1 Abstract¶
This documents describes the sequence of events that led to the network failure during the 202212A run in auxtel.
2 Description of the Incident¶
This incident initiated between 8:00-8:30 CLT/3:00-3:30PST December, 6 2022, during the first night of the 2022A run on the Auxiliary Telescope. We experienced a catastrophic network failure that took down the network in the entire observatory. The failure extended to both the internal and external network, both over the WiFi and the cable connections. All WiFi connections were dropped and we could no longer connect to the network.
Up until the issue started we were preparing to go on sky with the Auxiliary Telescope. The TMA was experiencing power issues and would not be able to operate during the night for the soak and start tracker testing. Alysha Shugart and Tiago Ribeiro were both in the telescope console at the summit executing some dome movement tests with the remote help of Bruno Quint.
At one point around 8:30 PM local time, Tiago Ribeiro went to update LOVE in the love02 node with the latest version of the logging system for testing during the night. The love02 node is a “development” node, normally used to test unreleased features at the summit, while keeping the production deployment running (on love01). At that time the LOVE system was completely shutdown on love02, no LOVE system or ospl daemon running. Shortly after initializing the ospl daemon on love02, the network outage started. We were able to communicate with La Serena over Slack using a poor cellular connection and after being able to raise IT support it was established that it was impossible to recover from the issue remotely.
At that point the crew decided to call in the night. The Auxiliary Telescope dome was manually closed and the telescope was left in the position it was in. The mirror covers were closed and all equipment was left in a safe state.

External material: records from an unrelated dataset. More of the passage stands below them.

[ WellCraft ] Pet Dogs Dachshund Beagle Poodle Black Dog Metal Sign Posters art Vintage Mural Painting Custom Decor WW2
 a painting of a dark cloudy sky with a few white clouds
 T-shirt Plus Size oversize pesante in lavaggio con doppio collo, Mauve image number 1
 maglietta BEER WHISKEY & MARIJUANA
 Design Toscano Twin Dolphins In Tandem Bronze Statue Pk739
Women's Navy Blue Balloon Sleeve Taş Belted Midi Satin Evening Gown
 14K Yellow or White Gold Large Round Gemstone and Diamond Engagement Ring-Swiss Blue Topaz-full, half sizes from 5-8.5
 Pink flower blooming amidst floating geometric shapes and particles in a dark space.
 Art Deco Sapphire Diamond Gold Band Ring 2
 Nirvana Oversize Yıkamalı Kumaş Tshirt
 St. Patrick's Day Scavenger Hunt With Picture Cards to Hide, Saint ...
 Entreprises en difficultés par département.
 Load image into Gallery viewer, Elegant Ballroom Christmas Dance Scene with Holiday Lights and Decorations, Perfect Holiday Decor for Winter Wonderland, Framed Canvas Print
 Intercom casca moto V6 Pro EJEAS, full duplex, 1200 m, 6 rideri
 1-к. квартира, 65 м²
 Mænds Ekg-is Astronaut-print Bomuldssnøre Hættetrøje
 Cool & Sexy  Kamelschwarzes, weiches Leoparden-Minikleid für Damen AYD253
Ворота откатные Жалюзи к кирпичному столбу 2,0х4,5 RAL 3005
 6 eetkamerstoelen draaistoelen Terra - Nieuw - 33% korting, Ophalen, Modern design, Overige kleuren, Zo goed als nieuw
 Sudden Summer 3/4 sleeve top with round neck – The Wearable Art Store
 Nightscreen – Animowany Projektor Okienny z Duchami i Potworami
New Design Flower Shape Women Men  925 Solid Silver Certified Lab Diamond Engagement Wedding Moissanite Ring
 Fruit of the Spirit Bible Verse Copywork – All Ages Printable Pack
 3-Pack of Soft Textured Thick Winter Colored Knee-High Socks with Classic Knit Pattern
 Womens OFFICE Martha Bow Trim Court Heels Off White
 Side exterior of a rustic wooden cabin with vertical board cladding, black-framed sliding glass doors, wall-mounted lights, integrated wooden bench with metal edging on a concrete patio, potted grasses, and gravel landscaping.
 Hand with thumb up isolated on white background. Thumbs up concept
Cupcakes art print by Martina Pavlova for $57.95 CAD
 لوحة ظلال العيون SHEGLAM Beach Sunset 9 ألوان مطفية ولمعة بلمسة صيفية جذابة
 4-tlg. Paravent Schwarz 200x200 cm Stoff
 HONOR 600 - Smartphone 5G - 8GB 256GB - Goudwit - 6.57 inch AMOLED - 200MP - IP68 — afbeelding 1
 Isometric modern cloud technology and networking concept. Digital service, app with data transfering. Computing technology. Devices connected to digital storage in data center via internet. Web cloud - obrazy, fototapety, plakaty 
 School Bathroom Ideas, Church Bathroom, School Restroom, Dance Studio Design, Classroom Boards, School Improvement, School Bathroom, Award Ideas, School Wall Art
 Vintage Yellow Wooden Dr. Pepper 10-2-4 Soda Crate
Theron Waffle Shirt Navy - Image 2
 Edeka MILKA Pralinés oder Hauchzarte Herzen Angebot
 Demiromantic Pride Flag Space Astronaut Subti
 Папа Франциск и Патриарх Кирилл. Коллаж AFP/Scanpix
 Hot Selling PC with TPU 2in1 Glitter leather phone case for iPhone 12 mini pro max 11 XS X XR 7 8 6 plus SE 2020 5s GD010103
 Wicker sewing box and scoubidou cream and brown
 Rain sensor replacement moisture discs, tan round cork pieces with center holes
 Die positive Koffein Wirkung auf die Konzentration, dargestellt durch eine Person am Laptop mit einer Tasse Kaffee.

The next morning IT arrived at the summit and determined that the issue was caused because two hosts were broadcasting using the same IP, which created an internal loop, causing the ACI to completely shutdown the network. They were able to determined that the IP responsible for the incident was 139.229.170.30, from the main ospl daemon, running on azar01, and the ospl daemon that was started on love02, initiating the episode.
3 Mitigation Strategies¶
In summary, the key factors behind this incident are:
CISCO ACI network.
Brittle manual configuration required by DDS + docker.
The current docker compose configuration, used to deploy the systems in the standalone nodes (e.g. those systems not managed by kubernetes), exposes a bridge network to the container. Unfortunately this configuration is not capable of reaching out to the network name server to request an IP number, requiring IP addresses to be manually hard-coded in the configuration file. As we mentioned above, it was this manual setup that triggered the incident.
In terms of mitigation strategies, it is worth noting that the CISCO ACI is already scheduled to be deprecated in early 2023.
It is also worth noting that we are planning to retire DDS in favor of Kafka in the first quarter of 2023. Kafka does not use multicast traffic and requires a much simpler setup, with no need for manual IP configurations or daemons on each node.
Altogether, the two main risk factors involved in this incident are already planned to be deprecated in a short time frame.
Nevertheless, an additional mitigation could be performed in case the Kafka adoption is delayed. In some nodes, we have successfully deployed the ospl daemon using the host network. The migration of using the host network in all the azar and love nodes would require some help from IT in setting up the correct network interface. This would eliminate the need to manually specify the network address, removing the possibility of further collisions in the future. Given the current timeline for adoption of Kafka, we are not sure this task is worth the effort.